Gerald nodded vaguely, looking at the small bandage on Maria's arm. "Are those her things? Bring them on this way." To Maria, "Let's go see your new room, sweetheart." He shifted her to one arm and led the way down the corridor. She looped her arms around his neck and leaned her golden head against his cheek.
He had arranged Maria's rooms in a newly constructed portion of the ARK, away from the main corridors, moving his own near them. They had been sterilized and he had modified two of the maintenance bots to constantly patrol the room and clean it. There was only one entrance to the hall, which was punctuated by special lights that were designed to kill bacteria and viruses; the air was ultra-filtered for the same purpose. Maria's room also had a special niche in which he intended to station the Gizoid at night, hoping that the Chaos Emerald would have the same enhancing effect on her that it had on his research animals. The only other rooms on the hall were his own, his private lab, and a guest room for when her parents visited.

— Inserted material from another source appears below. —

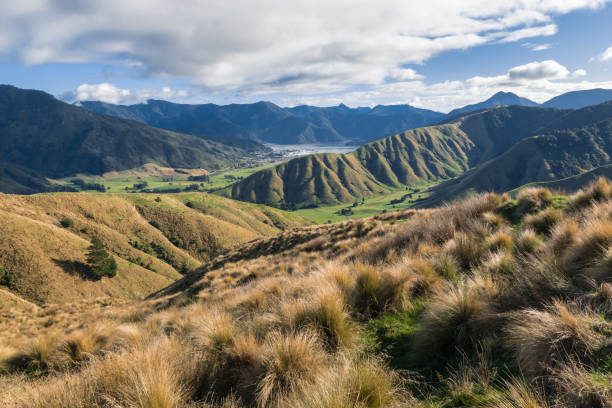 tussock bedeckte hügel in der nähe von havelock stadt in marlborough region, neuseeland - marlborough region zealand new landscape stock-fotos und bilder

The bedrooms each had attached baths; carving them out of the asteroid had meant extra digging, but the Gizoid had turned out to be very effective at excavation work.
Maria's things were passed through a sanitizer into the hall and she, her father and her grandfather passed through an archway lined with the special lights into her new home. Her blue eyes looked curiously around. She frowned at the bare sealed-stone walls, her pale brows drawing together. "Grandfather? There aren't any pictures."

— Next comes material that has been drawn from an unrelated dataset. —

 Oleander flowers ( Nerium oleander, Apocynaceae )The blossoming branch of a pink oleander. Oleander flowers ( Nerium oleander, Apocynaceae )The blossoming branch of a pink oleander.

"You'll have to draw me some; then I'll hang them on the wall for everyone to see them."
"Are there a lot of people here? Can I see them?"
" Not just yet, my dear. They're very busy, and we have to make sure you're done being sick."
"Oh." There was a pause and a more thoughtful frown, then "Grandfather? Can you make me well again?"
Gerald found himself at a loss for a reply. He didn't want to give her a glib assurance, even as young as she was; she was bright enough to know that she was sick in a different way than the other children she knew and aware to some degree of the severity of her illness. Her father cleared his throat, his eyes glistening suspiciously. "I'm going to try, love," Gerald answered at last. "I'm going to do everything I can to make you well again."
"Good," replied the child with an assurance Gerald wished he could share. "Then I can meet everybody and make friends with them." She then gave him that marvelous grin, and suddenly he was as certain as she that everything would be all right. Maria's personality shone as brightly and warmly as sunlight in the steel and stone of the Space Colony ARK.
After settling Maria in her room, and her father in the adjacent guest room, Gerald paced thoughtfully back to his lab. Gerry would only be staying a day or two to be sure Maria settled in all right. Gerald wanted to see as much of him as possible, but he'd have to remember to check on his experiments as well. Speaking of experiments...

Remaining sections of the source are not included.